Kenneth_Loafman_2 · February 17, 2012, 6:58pm

Nothing was deleted manually or through curl. Is this recoverable at all?
What happened? Was this because of the split-cluster condition?

On Fri, Feb 17, 2012 at 12:54 PM, Shay Banon kimchy@gmail.com wrote:

This means that the shard was supposed to exist on that node, but it
can't be found, are you sure nothing was deleted?

On Friday, February 17, 2012 at 8:49 PM, Kenneth Loafman wrote:

Yes, a whole bunch of messages repeating like this:

[2012-02-17 18:48:00,586][WARN ][cluster.action.shard ] [Blindspot]
received shard failed for [co0198ca0694][1], node[o9nkBCsISKGt7P6acyshHQ],
[P], s[INITIALIZING], reason [Failed to start shard, message
[IndexShardGatewayRecoveryException[[co0198ca0694][1] shard allocated for
local recovery (post api), should exists, but doesn't]]]

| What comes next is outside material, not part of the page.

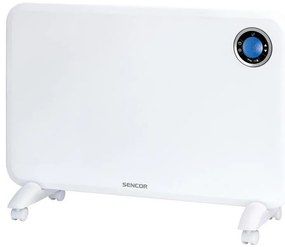 Sencor - Konvektor LCD-kijelzővel és termosztáttal 750W/1500W/230V IP24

On Fri, Feb 17, 2012 at 12:45 PM, Shay Banon kimchy@gmail.com wrote:

Do you see anything in the logs? It seems like there are 8 initializing
shards.

On Friday, February 17, 2012 at 8:34 PM, Kenneth Loafman wrote:

Hi,

We're on ES 18.6 driving a 4-node cluster on RackSpace.

Last night we had a nework outage on two of the nodes and our 4-node
cluster morphed into 2 2-node clusters. I think that's what happened
anyway. We shut all 4 nodes down cleanly, brought them up one at a time
and the cluster reformed into one, however, it's sticking on getting out of
red.

{
"cluster_name" : "elasticsearch",
"status" : "red",
"timed_out" : false,
"number_of_nodes" : 4,
"number_of_data_nodes" : 4,
"active_primary_shards" : 234,
"active_shards" : 426,
"relocating_shards" : 0,
"initializing_shards" : 8,
"unassigned_shards" : 126
}

It will stay in this mode for a long time and the '_status' will show a
bunch of
"failures" : [ {
  "index" : "co0181ca0711",
  "shard" : 1,
  "reason" : "BroadcastShardOperationFailedException[[co0181ca0711][1]
]; nested: RemoteTransportException[[Whiteout][inet[/10.177.166.64:9300]][indices/status/shard]];
nested: IndexMissingException[[co0181ca0711] missing]; "
}, {

which seem to come and go, but not get initialized. With 2 shards and 1
replica, it seems that it should be able to recover the missing index from
the other shard or the replica, but it sticks at this point until I
manually delete what's left of the index. Was this due to the split-brain
issue or is this just a limitation of ES? Is there a way to recover the
missing index from the replica? How do I find the replicas?

...Thanks,
...Ken

Kenneth_Loafman_2 · February 17, 2012, 7:55pm

Hmm, something else is going on. Two of the indexes that were OK
originally are now showing IndexShardMissingException.

ES is indeed hungry!

On Fri, Feb 17, 2012 at 12:58 PM, Kenneth Loafman kenneth@loafman.comwrote:

Nothing was deleted manually or through curl. Is this recoverable at all?
What happened? Was this because of the split-cluster condition?

On Fri, Feb 17, 2012 at 12:54 PM, Shay Banon kimchy@gmail.com wrote:
This means that the shard was supposed to exist on that node, but it
can't be found, are you sure nothing was deleted?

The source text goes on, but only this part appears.